Short text fragments from websites:
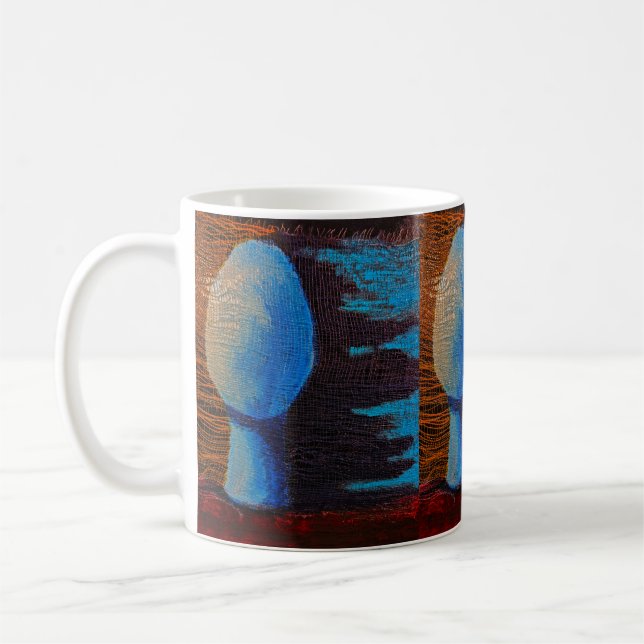 Caneca De Café "Hard Landing" (Esquerda)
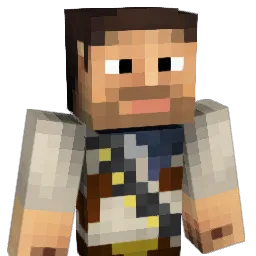 iTekes Minecraft avatar bust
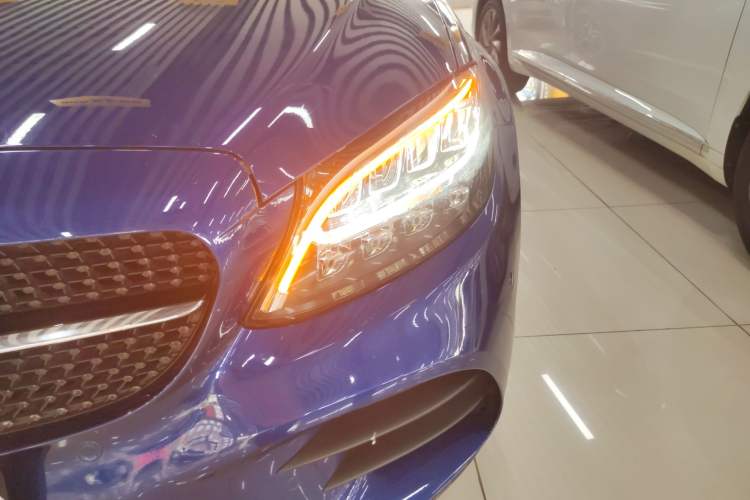 Used Mercedes-Benz C-Class 2021 C 260 L Sport Edition Star Collection Left Front Headlight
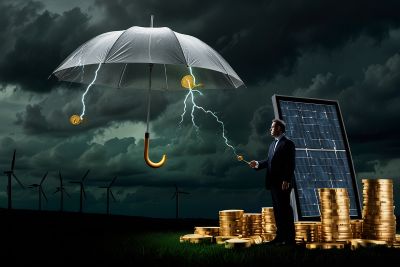 K investor shielding glowing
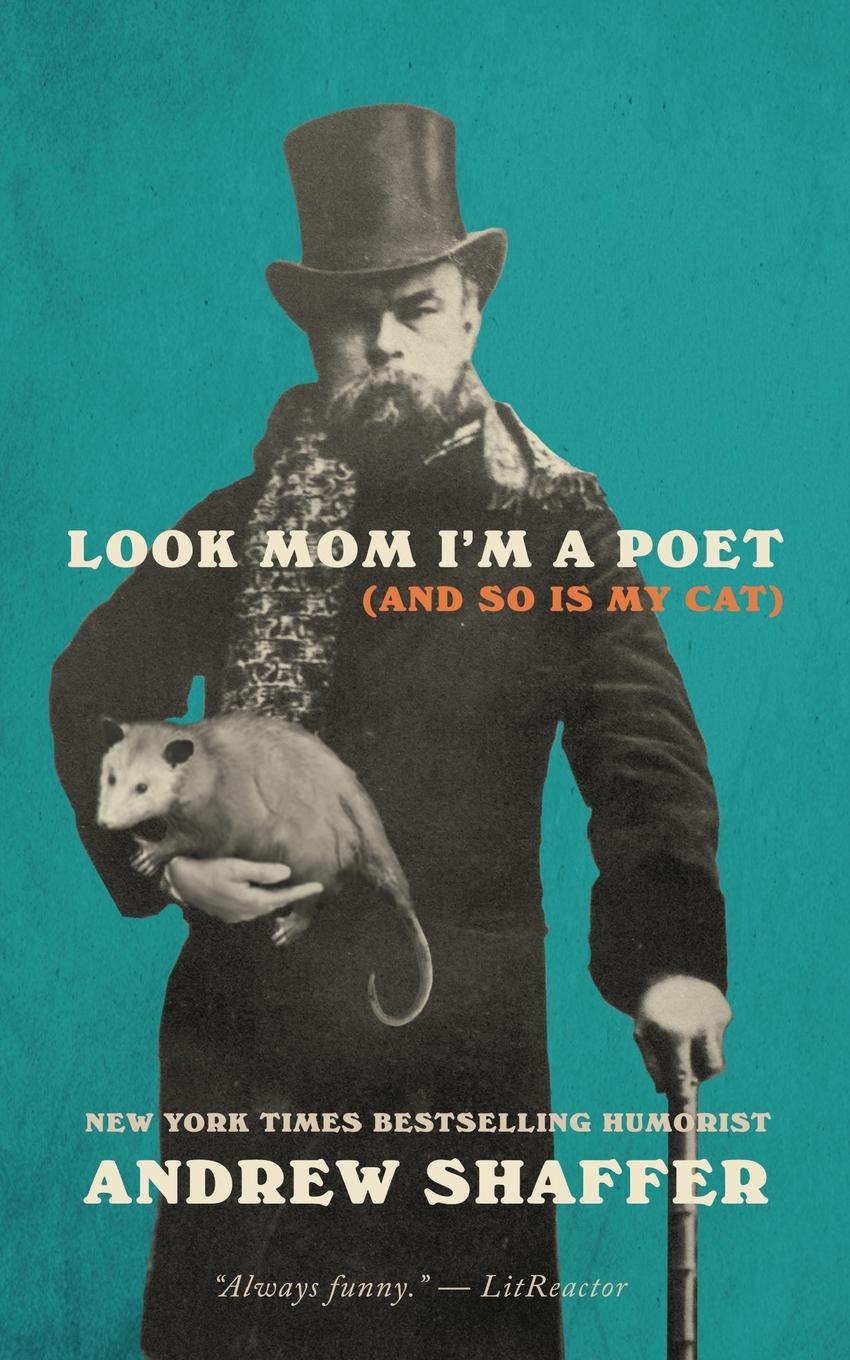 Vorderes Coverbild Look Mom I'm a Poet (and So Is My Cat)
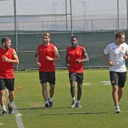 Afyon Kampı'nda İlk Etabı Tamamladık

* [WORK ITEM]: Your copy should hold exactly the lines from the one that contains "K investor shielding glowing" through the final line of the data, both ends included, and no pictures.

* [EXERCISE OUTPUT]:
 K investor shielding glowing
 Vorderes Coverbild Look Mom I'm a Poet (and So Is My Cat)
 Afyon Kampı'nda İlk Etabı Tamamladık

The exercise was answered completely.